Note: I am using appengine to start the job.
Note: The same code works with beta versoin 0.4.150414
EDIT 1
As per the suggestions in the answer tried the following,
Switched from Automatic scaling to Basic Scaling.
Used machine type B2 which provides 256MB memory
After these configuration, Java Heap Memory problem is solved.

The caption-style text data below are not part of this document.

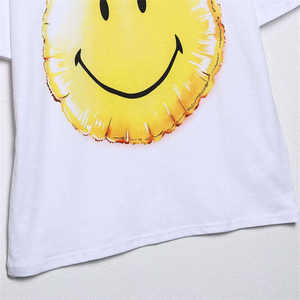 Camiseta de Verano para Mujer, Ecológica, 100% Algodón, Cuello Redondo, Manga Corta, Transpirable, de Secado Rápido, Anti-UV, Estampada - Product Image 3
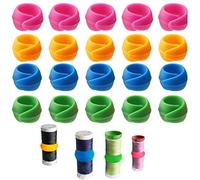 20 Pcs Thread Spool Huggers Bobbin Holder Clips Clamp for Sewing Machine Bobbins,Keeping Thread Tails Under Control No Loose Ends-Red, Green, Blue, Orange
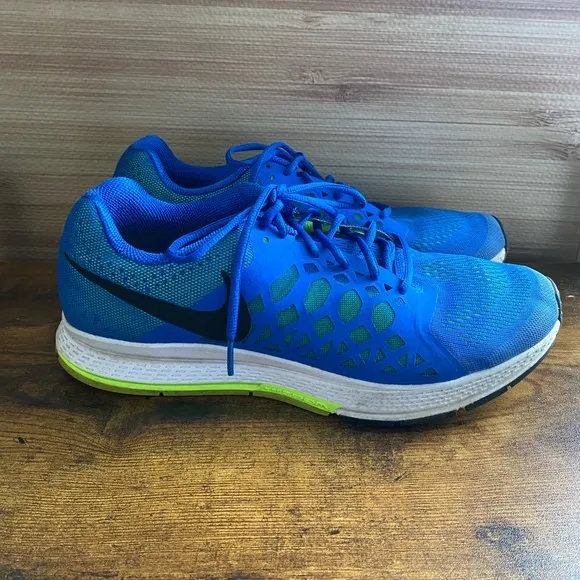 RARE Nike Zoom Pegasus 31 Men US 12 Blue Running Athletic Shoes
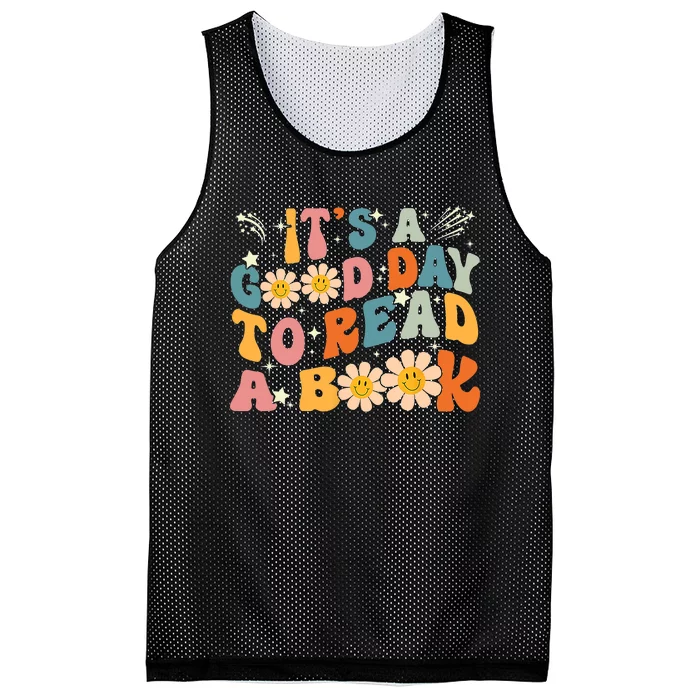 Its A Good Day To Read Book Funny Library Reading Lovers Gift Mesh Reversible Basketball Jersey Tank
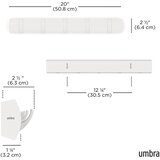 Umbra Mat bel stenski obešalnik iz masivnega bora 51 cm Flip – | Shoptok.si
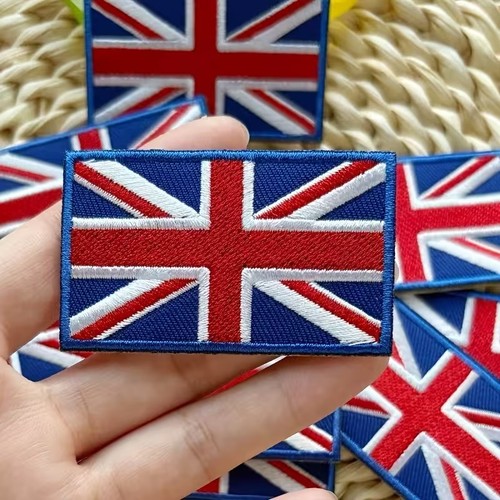 Union jack flag embroidered - flag,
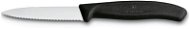 Victorinox nůž na zeleninu s vlnkovaným ostřím 8cm plast černý - Kuchyňský nůž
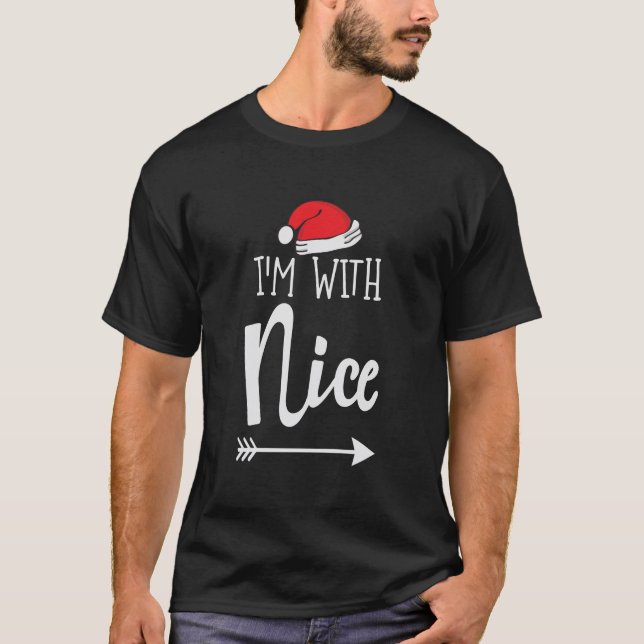 Camiseta Estoy Con Un Buen Traje De Regalo Para Navidades (Anverso)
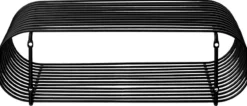 Etagère murale ovale en acier noir 40,4cm Curva - AYTM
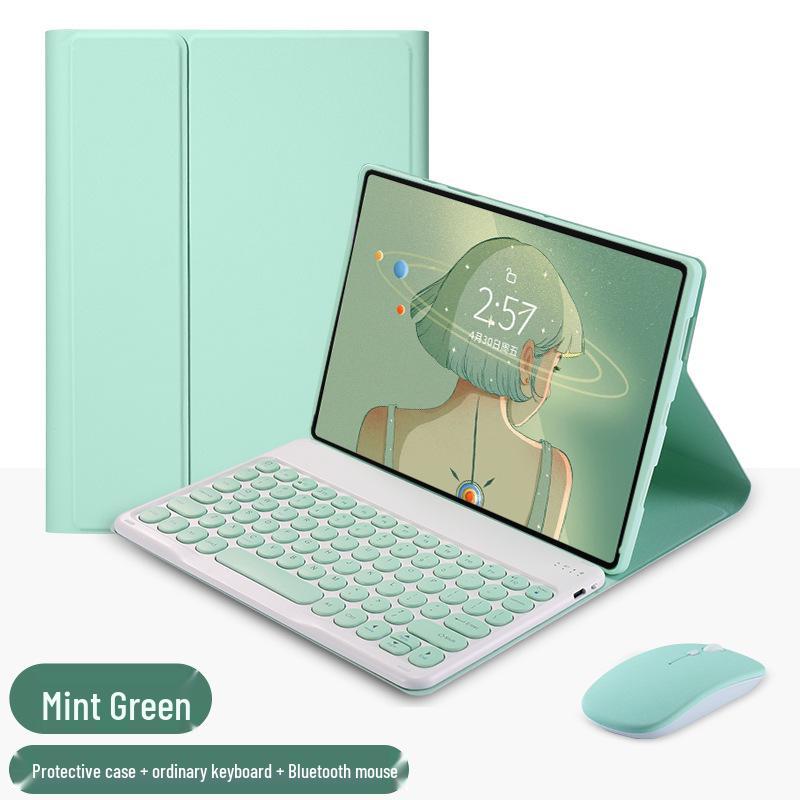 Xiaomi Pro5/RedmiPad SE11 11.2" Tablet Case with Bluetooth Keyboard, Leather, Russian Layout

But it is trying to upload a jar into stagging location which is more than 10Mb, hence it fails.
It logs the following exception
com.google.api.client.http.HttpRequest execute: exception thrown while executing request
com.google.appengine.api.urlfetch.RequestPayloadTooLargeException: The request to https://www.googleapis.com/upload/storage/v1/b/pwccloudedw-stagging-bucket/o?name=appengine-api-L4wtoWwoElWmstI1Ia93cg.jar&uploadType=resumable&upload_id=AEnB2Uo6HCfw6Usa3aXlcOzg0g3RawrvuAxWuOUtQxwQdxoyA0cf22LKqno0Gu-hjKGLqXIo8MF2FHR63zTxrSmQ9Yk9HdCdZQ exceeded the 10 MiB limit.
at com.google.appengine.api.urlfetch.URLFetchServiceImpl.convertApplicationException(URLFetchServiceImpl.java:157)
at com.google.appengine.api.urlfetch.URLFetchServiceImpl.fetch(URLFetchServiceImpl.java:45)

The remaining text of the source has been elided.